Peccato che altrettanta attenzione non venga riservata al sito Internet del quotidiano della City, per esattezza al suo aggiornatissimo blog AlphavilleFT: facendolo, infatti, il 19 gennaio scorso si sarebbe scoperto un articolo dal titolo molto interessante: «L’esposizione di Unicredit nell’Est».
Nulla di totalmente inedito, visto che i guai dell’istituto di Alessandro Profumo sono noti così come la sua mission di banca internazionale più che banca classica. Leggendo quell’articolo, però si scopre che il Market Implied Rating (MIR) group di Moody’s, l’agenzia di rating, lancia un grido d’allarme e anche un’accusa non troppo velata alla casamadre: l’attuale rating dei credit default swaps – sorta di assicurazione sul rischio del crollo di un’entità terza, in questo caso Unicredit – dell’istituto bancario sarebbe «esageratamente ottimistico sul livello di rischio del credito della banca».

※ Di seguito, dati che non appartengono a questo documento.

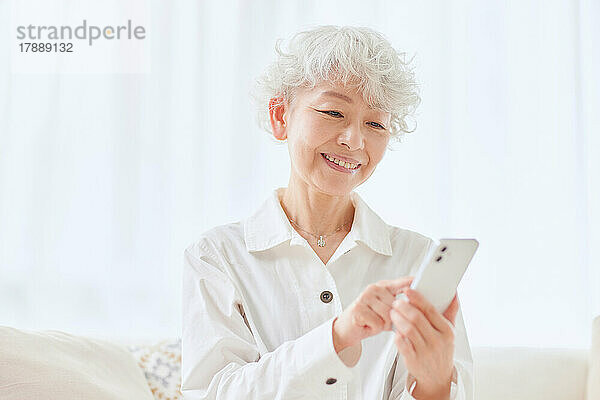 Japanische Seniorin benutzt Smartphone auf dem Sofa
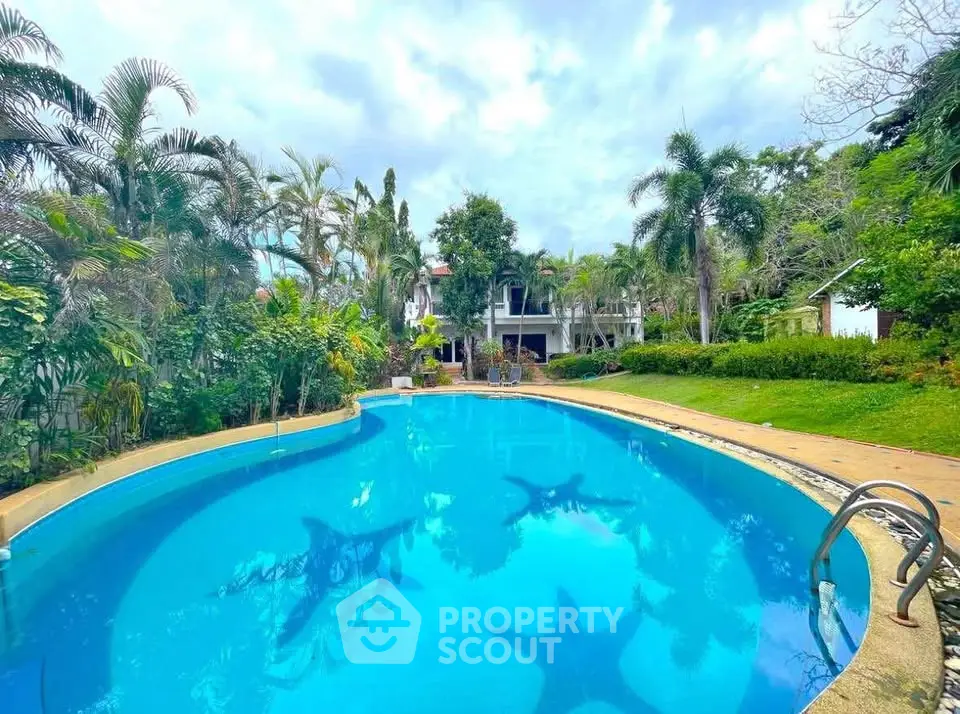Stunning tropical pool surrounded by lush greenery and elegant architecture.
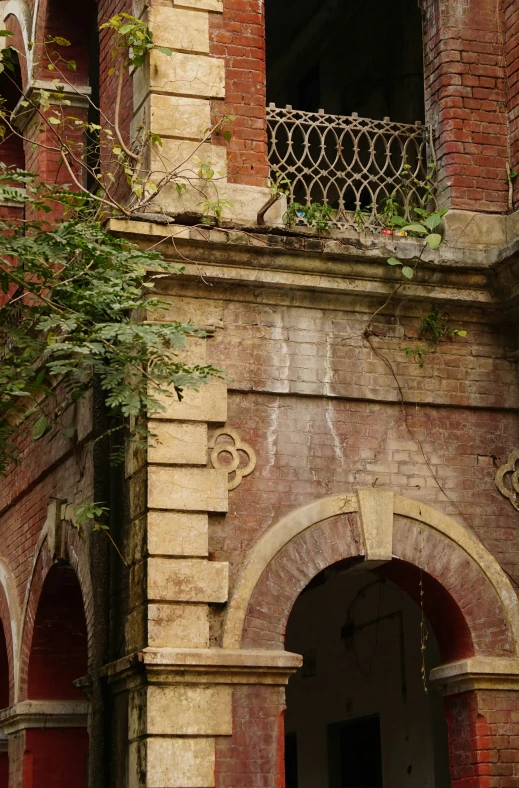 an old building with the doors open and leaves hanging from it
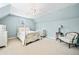 Bedroom with light blue walls, carpet, and antique-style furniture at 3795 Duckcove Way, Cumming, GA 30041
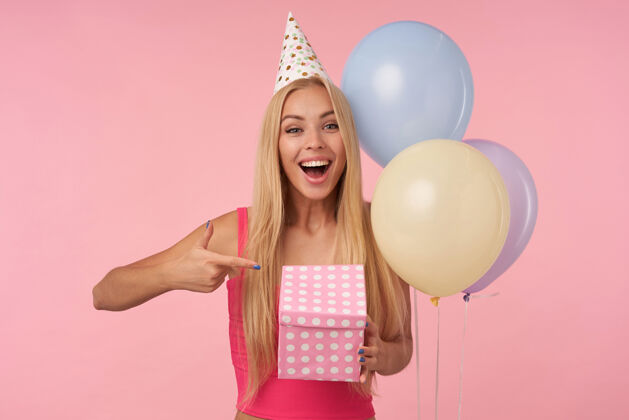 五彩迷人的年轻长发女士穿着粉色上衣 戴着圆锥形帽子庆祝节日 手里拿着礼品包装盒 兴奋地扇着里面的东西 隔离在粉色背景下 快乐地看着相机圆锥体金发头发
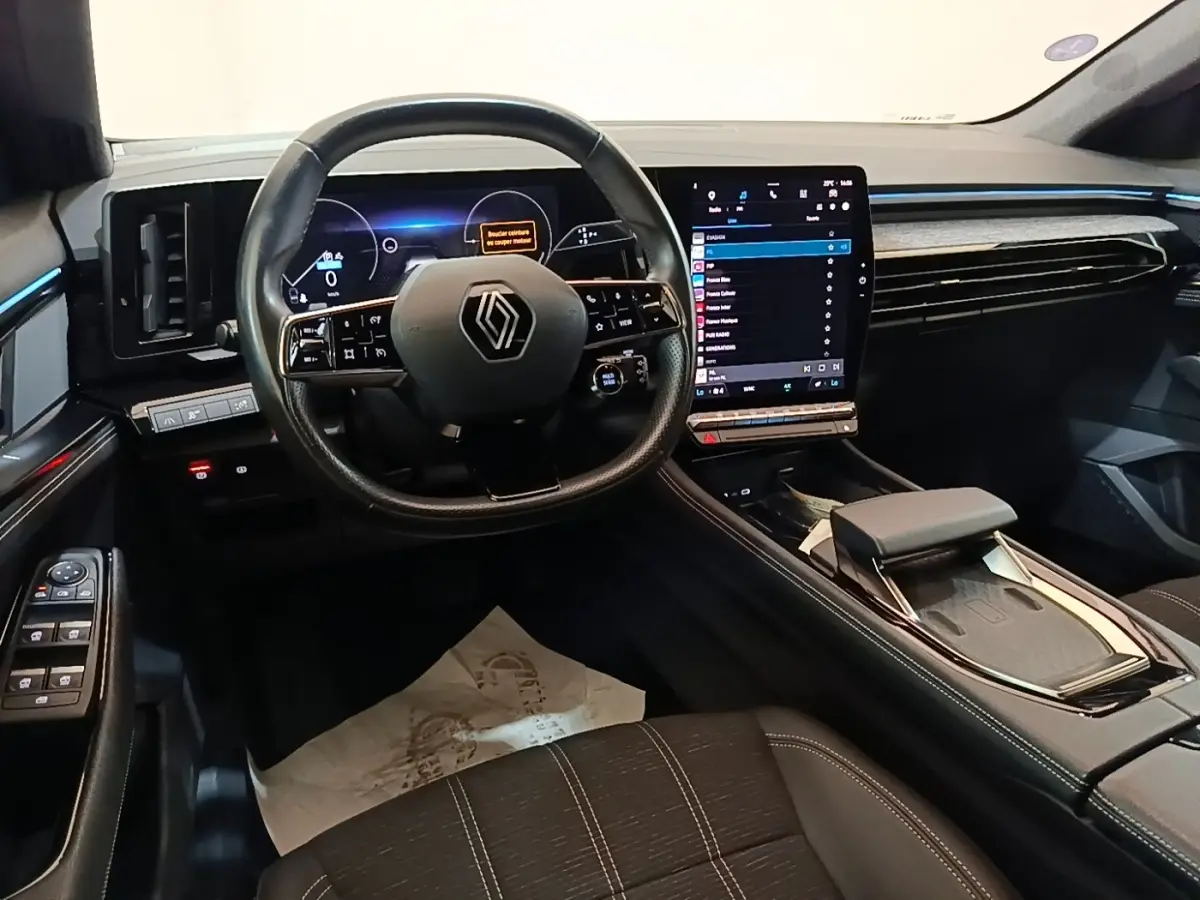 Vue intérieure du poste de conduite du Renault Austral blanc, avec volant cuir et grand écran tactile vertical.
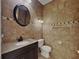 Bathroom featuring granite counters, a dark wood vanity, and brown patterned tiles at 539 Lakeview Dr, Poinciana, FL 34759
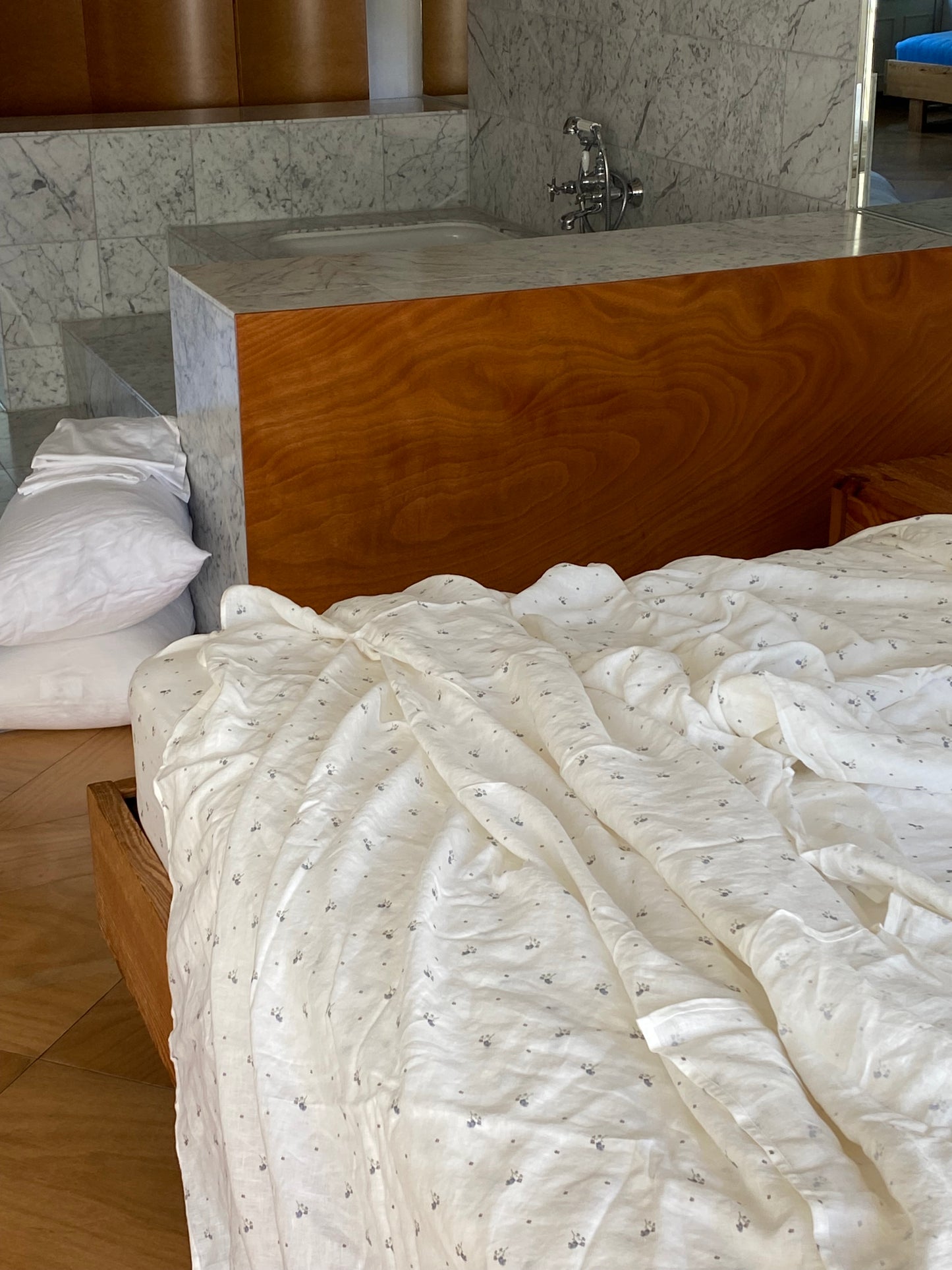 Light room with queen bed topped with Sheets - vintage floral by Deiji Studios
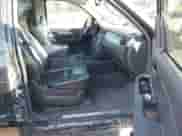 2007 Chevrolet Tahoe LTZ with VIN 1GNFK13027R249676, listed as a IAAI auction lot 43424132 with 296,751 mi miles and . Bid and sale history available at DreamBid. Image 5.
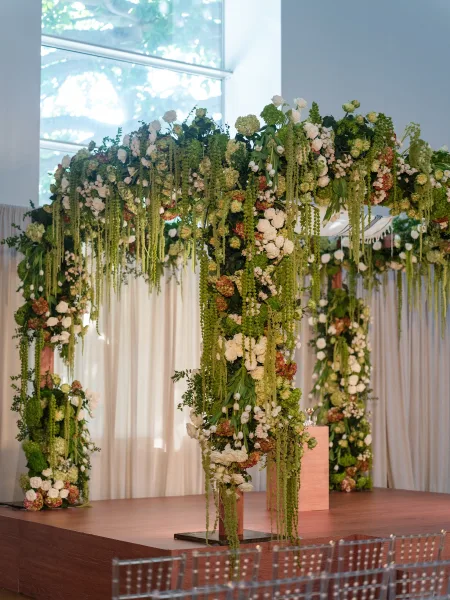Ceremony arch featuring hanging florals as indoor ceremony decor, framed by a large window with white curtains and a tree canopy beyond.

Insomma, quell’A1 – abbassato di poco dal recente Aa1 – non rispecchia il reale valore a cui vengono trattati i cds di Unicredit e quindi non rispecchia il reale rischio di crollo rispetto all’esposizione dell’istituto verso i paesi dell’Est europei, travolti dalla crisi e percorsi in alcuni casi da pesanti manifestazioni di dissenso con cortei di massa e scontri nelle piazze.
Nonostante Moody’s si sia affrettata a dire che il giudizio di MIR non rispecchia il proprio, a nessuno sfugge l’adagio che proprio per MIR inventò David Munves lo scorso anno: «Quell’unità serve a pubblicizzare i punti sui quali il mercato non è d’accordo con Moody’s».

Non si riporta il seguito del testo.